Explain where you stand today with Cathedral Leasing? What will the $40K from CODE2040 mean for the business?
March 17, 2016
Meet Durham’s New CODE2040 EIR, Cathedral Leasing Founder Doug Speight
Durham's new EIR is one of seven entrepreneurs assigned and funded by CODE2040 to serve Google tech hubs over the next year.
For Doug Speight, winning a CODE2040 entrepreneur-in-residency is much more than $40,000 and support from a leading national organization supporting minority entrepreneurs.
It’s a chance to come back home and contribute to the city where his family’s businesses have flourished for nearly eight decades.
Speight’s startup Cathedral Leasing—a B2B online marketplace for equipment leasing—will be the latest in a string of Speight family companies to operate in Durham since the 1930s. Starting April 1, it’ll be housed at American Underground, where Speight will also be responsible for increasing minority representation in the startup community and continuing the legacy of Talib Graves-Manns, the first EIR to hold the position in Durham.

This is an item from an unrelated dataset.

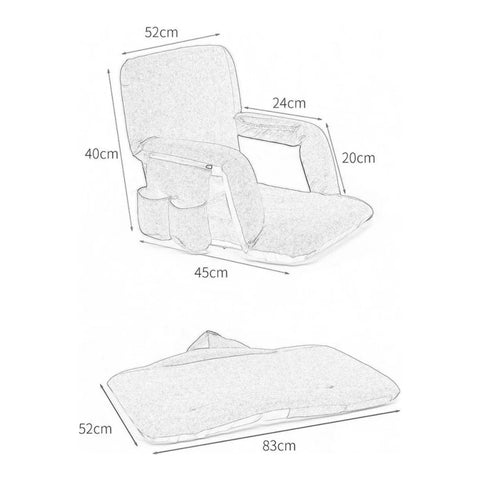 La Gotera Silla Portátil con Posiciones Reclinables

Speight, pictured top left, is part of an expanded CODE2040 EIR program in 2016. The San Francisco nonprofit organization launched the program a year ago in three pilot cities—Durham, Chicago and Austin. It was so successful, that seven cities will host EIRs this year, helping to boost diversity and inclusion efforts around the nation.
The seven men and women were announced during an event at this year’s South by Southwest Interactive Festival in Austin, and via an article last weekend in USA Today.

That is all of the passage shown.